◆ Goal of the exercise: Beginning with the line that contains "a kitchen with", retype the entries below exactly, ending with the line that contains "Gaiši violeta T-krekls, kas". Leave out any pictures.

[Image-text web data]
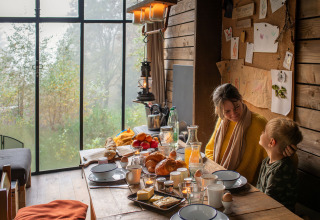 Madre e hijo desayunan en una acogedora cabaña con vistas al bosque en Nutchel Lodges, Ardenas, Bélgica.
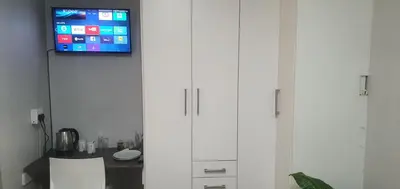 two white cabinets with a tv on top of them at 329 on 30th Avenue Villieria Drian in Pretoria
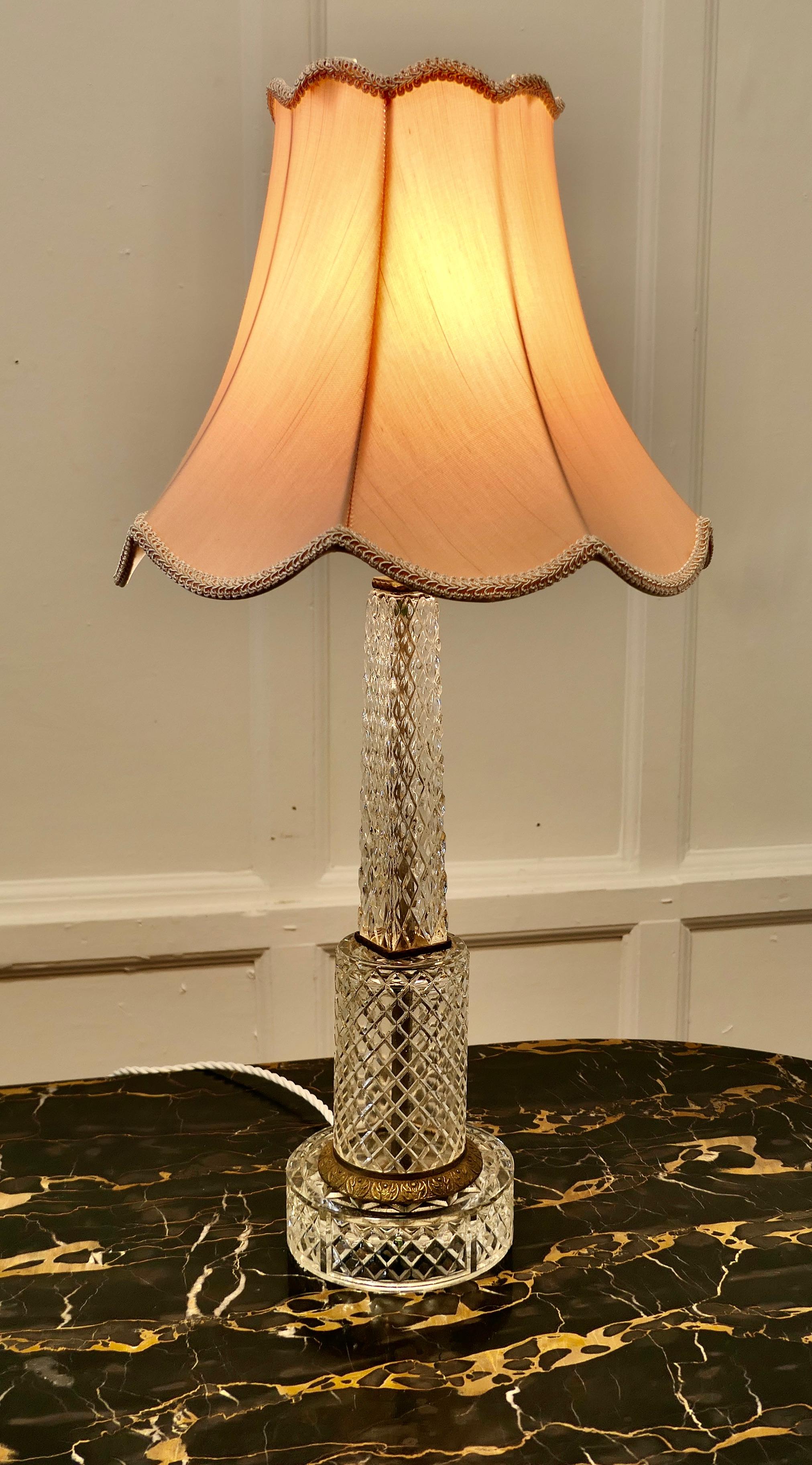 Superb Tall Art Deco Cut Glass Table Lamp 

This is a very pretty piece, the base of the lamp has a Odeon waterfall design, it is made of bright diamond cut glass and set with brass mounts
All the old wiring is new, I have shown it with a salmon
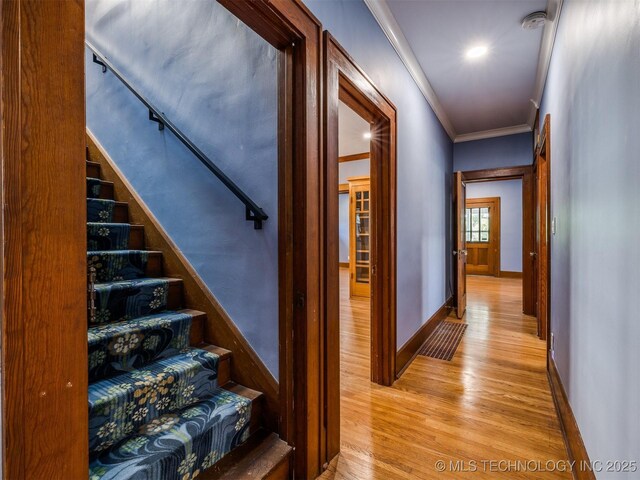 1618 S Rockford Ave, Tulsa, OK 74120 - stairs featuring wood finished floors, ornamental molding, and baseboards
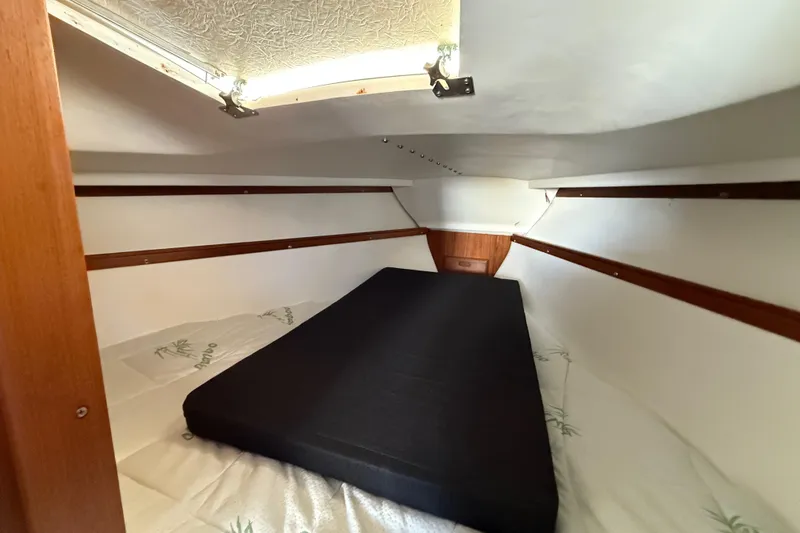 Slide: The Image of Interior cabin of a 1981 Catalina 30 sailboat with a black mattress. - 13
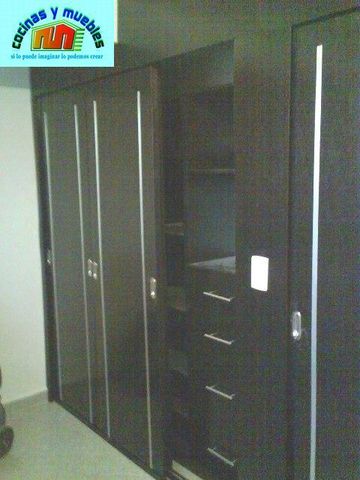 closets economico en melamina llama al 42119803
www.cocinasymuebles.com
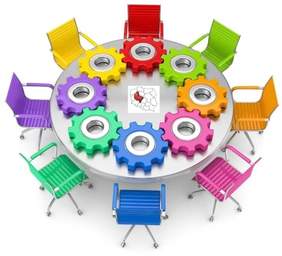 Pokaż zdjęcie: Osiem różnokolorowych krzeseł ustawionych wokół okrągłego stołu. Na stole ułożonych zostało osiem połączonych ze sobą trybów, odpowiadających kolorom krzeseł. Po środku stołu widnieje mapa Polski z wyodrębnionym województwem wielkopolskim, w kolorze czerwonym.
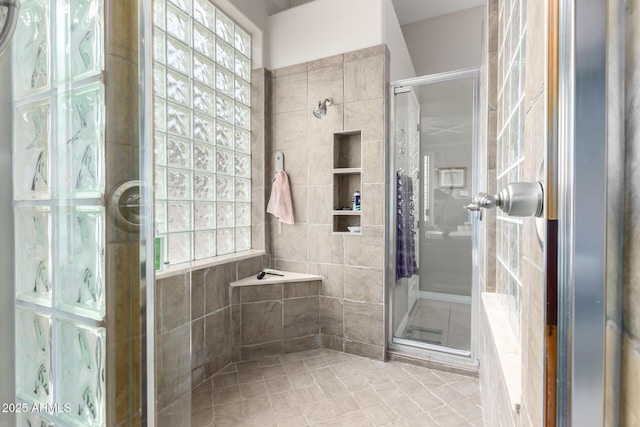 bathroom featuring a shower stall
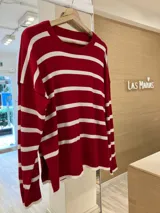 Sweater rojo con rayas horizontales blancas, de corte holgado y mangas largas.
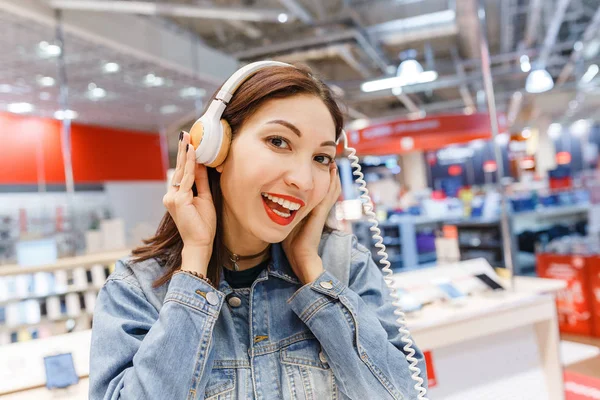 Happy eastern woman testing new headphones in the electronics shop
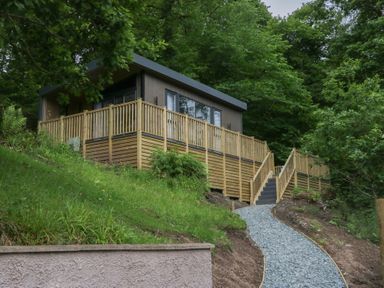 A house with decking and stairs in the outdoor area at Hodge Luxury Pod in Keswick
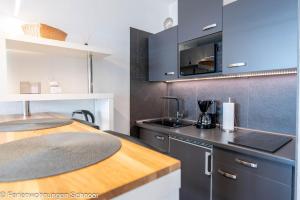 a kitchen with a sink and a counter top at Waterkant in Schilksee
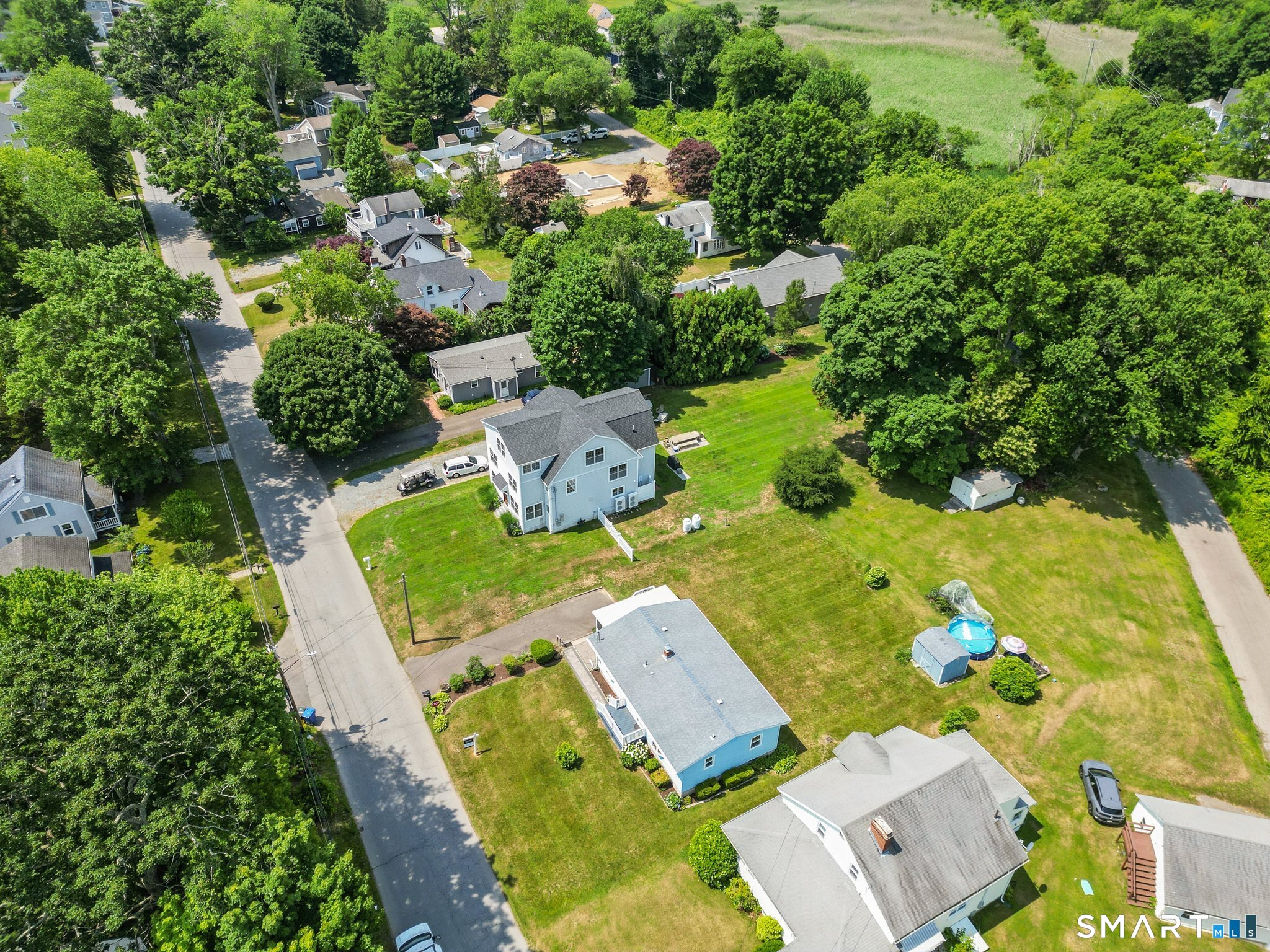 53 Chalker Beach Road Old Saybrook, CT 06475 - Photo 2 of 24 View of yard. Prperty line ends at the shed.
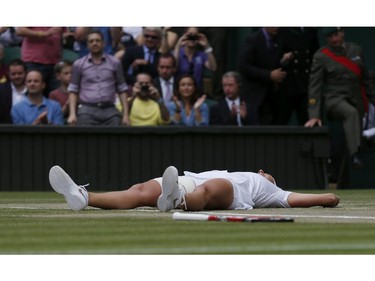 Petra Kvitova of Czech Republic lays on the court as she celebrates defeating Eugenie Bouchard of Canada in their women's singles final at the All England Lawn Tennis Championships in Wimbledon, London, Saturday July 5, 2014.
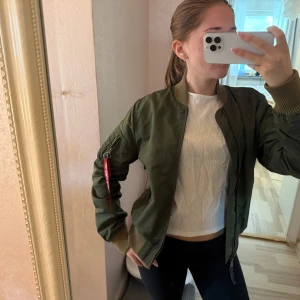 Grön bomberjacka från Alpha Industries - Säljer en klassisk grön bomberjacka från Alpha Industries med orange foder och ikonisk röd tag på ärmen. Jackan har ribbade muddar, dragkedja framtill och fickor på ärmen. Perfekt för dig som vill ha en streetig och tidlös look.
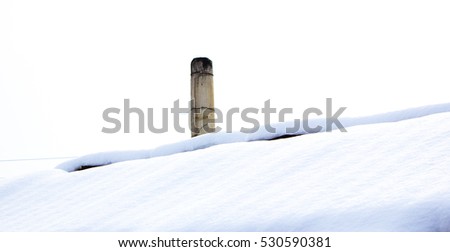 Chimney in red bricks with white snow on roof. Detailed view from Sweden.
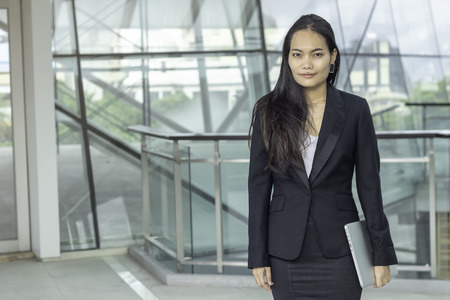 successful asian business female with laptop computer at office buildingの写真素材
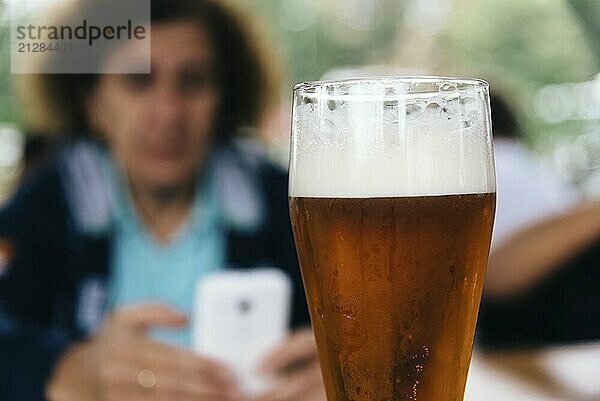 Nahaufnahme eines erfrischenden Pint Lagerbieres gegen eine Frau  die eine SMS auf ihrem Smartphone schreibt. Selektiver Fokus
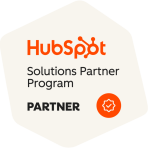 HubSpot Solutions Partner Program badge showing the HubSpot logo, the words Solutions Partner Program, Partner in bold, and an orange checkmark icon inside a circle.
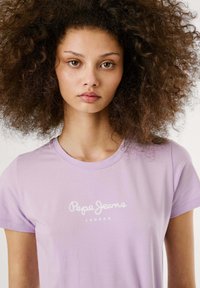 Gaiši violeta T-krekls, kas izgatavots no mīkstas kokvilnas, ar apaļu kakla izgriezumu un īsām piedurknēm, uz kura baltā krāsā ir druka "Pepe Jeans London".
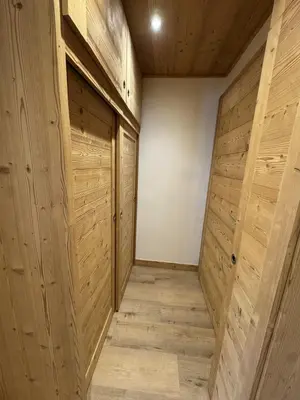 a room with wooden walls and wooden doors at Les Carroz - Rénové - Au cœur de la station - 4 pers in Arâches-la-Frasse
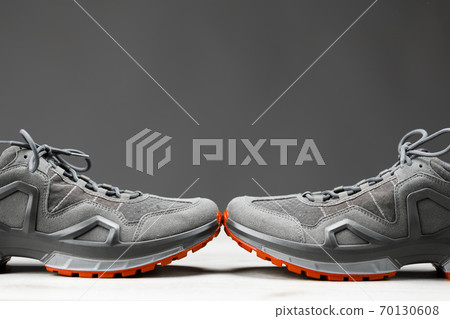 trekking sneakers with red sole, gray background with copy-space trekking sneakers with red sole, gray background with copy-space 70130608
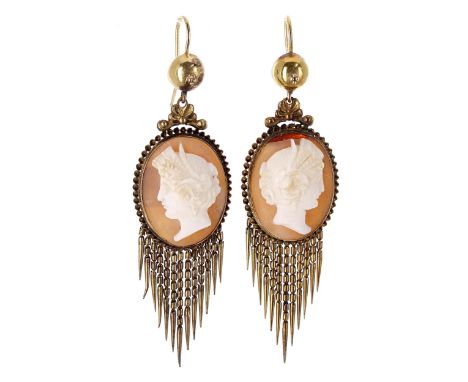Attractive pair of antique cameo drop earrings, each with carved shell portrait profiles in yellow metal oval mounts over tas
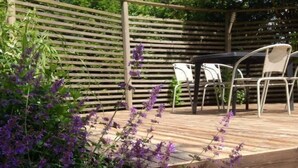 A wooden deck with a pergola, surrounded by lush greenery and purple flowers.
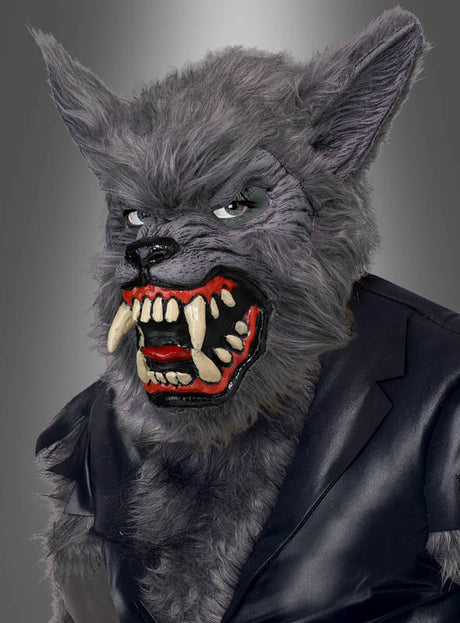 Ein Kind trägt das Werwolf-Kinderkostüm, bestehend aus einer detailreichen grauen Maske mit scharfen Reißzähnen und spitzen Ohren sowie einer schwarzen Jacke vor einem grauen Hintergrund mit Farbverlauf.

◆ Task response:
 a kitchen with a sink and a counter top at Waterkant in Schilksee
 53 Chalker Beach Road Old Saybrook, CT 06475 - Photo 2 of 24 View of yard. Prperty line ends at the shed.
 Petra Kvitova of Czech Republic lays on the court as she celebrates defeating Eugenie Bouchard of Canada in their women's singles final at the All England Lawn Tennis Championships in Wimbledon, London, Saturday July 5, 2014.
 Grön bomberjacka från Alpha Industries - Säljer en klassisk grön bomberjacka från Alpha Industries med orange foder och ikonisk röd tag på ärmen. Jackan har ribbade muddar, dragkedja framtill och fickor på ärmen. Perfekt för dig som vill ha en streetig och tidlös look.
 Chimney in red bricks with white snow on roof. Detailed view from Sweden.
 successful asian business female with laptop computer at office buildingの写真素材
 Nahaufnahme eines erfrischenden Pint Lagerbieres gegen eine Frau  die eine SMS auf ihrem Smartphone schreibt. Selektiver Fokus
 HubSpot Solutions Partner Program badge showing the HubSpot logo, the words Solutions Partner Program, Partner in bold, and an orange checkmark icon inside a circle.
 Gaiši violeta T-krekls, kas izgatavots no mīkstas kokvilnas, ar apaļu kakla izgriezumu un īsām piedurknēm, uz kura baltā krāsā ir druka "Pepe Jeans London".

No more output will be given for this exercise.